Here was the creative genius who had given the world “Citizen Kane” — and for whom that film’s success had become a kind of curse, an achievement against which all subsequent work would be judged. And yet, with each new project, he endeavored to push the medium further, often punished for his efforts by having the films wrested away from him and recut by their financiers (as happened with “The Magnificent Ambersons” and “Touch of Evil”). In other cases — “The Deep,” “The Merchant of Venice,” and “The Dreamers” — the films were never completed, leading some to wonder whether Welles deliberately self-sabotaged, drawing projects out over many years to prolong the sheer thrill of their creation, as if reluctant to disband the troupe with whom he took such pleasure in collaborating.

Neville manages to raise at least a dozen equally insightful theories about Welles’ working method, but winds up with sources constantly contradicting one another. “It’s almost true,” Bogdanovich says at one point (he’s frequently the most eloquent interviewee but easily the most compromised, busy constructing his own legend in the process). Another calls the myth that Welles abandoned projects “bullshit,” explaining, “He wanted to finish them correctly,” which sounds like a plausible interpretation of his perfectionism.

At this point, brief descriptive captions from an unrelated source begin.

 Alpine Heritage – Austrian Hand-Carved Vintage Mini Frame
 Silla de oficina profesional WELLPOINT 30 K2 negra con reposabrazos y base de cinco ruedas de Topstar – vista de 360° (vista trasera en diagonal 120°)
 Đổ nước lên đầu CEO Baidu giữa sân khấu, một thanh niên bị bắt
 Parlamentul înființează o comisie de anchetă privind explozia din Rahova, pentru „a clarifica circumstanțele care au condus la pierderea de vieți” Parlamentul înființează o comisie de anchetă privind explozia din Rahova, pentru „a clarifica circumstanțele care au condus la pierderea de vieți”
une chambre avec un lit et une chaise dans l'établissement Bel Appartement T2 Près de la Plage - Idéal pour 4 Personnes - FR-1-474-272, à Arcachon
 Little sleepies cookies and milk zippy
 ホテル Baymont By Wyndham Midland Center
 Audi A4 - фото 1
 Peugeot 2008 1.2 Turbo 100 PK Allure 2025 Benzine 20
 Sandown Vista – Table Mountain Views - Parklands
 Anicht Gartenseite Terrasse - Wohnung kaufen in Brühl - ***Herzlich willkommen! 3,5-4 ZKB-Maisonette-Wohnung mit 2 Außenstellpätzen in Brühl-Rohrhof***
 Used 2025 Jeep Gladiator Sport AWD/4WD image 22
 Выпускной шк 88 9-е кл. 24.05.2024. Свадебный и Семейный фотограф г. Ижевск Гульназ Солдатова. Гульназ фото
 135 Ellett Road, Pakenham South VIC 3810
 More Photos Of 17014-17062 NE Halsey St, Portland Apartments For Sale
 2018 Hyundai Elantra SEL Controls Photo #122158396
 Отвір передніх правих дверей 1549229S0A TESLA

In any case, it’s a tricksy film, taking cues (and quite a few clips) from Welles’ 1973 oddity “F for Fake” in its wily structure. As if it weren’t a daunting enough assembly as is, Neville adds a curiously anachronistic framing device, in which a waxy-looking Alan Cumming appears like the host of a vintage television program, supplying dry narration over black-and-white footage of film being threaded through a projector or spliced on a flatbed editor.

It’s a corny device compared with the wonderfully sophisticated way editors Aaron Wickenden and Jason Zeldes work with archival footage, constructing entire scenes (a phone call, a test screening) from clips of “Wind” and Welles’ other on-camera appearances, including an odd bit on “The ABC Comedy Hour” (aka “The Kopykats”), where he met impressionist Rich Little (whom he would later cast, then replace, in a key “Wind” role).

Judging by the generous amount of “Wind” included in Neville’s doc, the movie seems likely to live up to Welles’ promise that “You either hate it or loathe it,” being an unhinged and constantly evolving industry parody, à la Dennis Hopper’s “The Last Movie” (incidentally, Hopper was one of the many self-skewering participants in Welles’ experimental project). After nearly half a century, audiences can finally witness Welles’ folly. Watch this first, and then weigh Neville’s playful assertion that his meta-movie may in fact be truer to the master’s intentions. It’s a bold claim, all but unprecedented in behind-the-scenes docs: Could “They’ll Love Me When I’m Dead” be the real “The Other Side of the Wind”?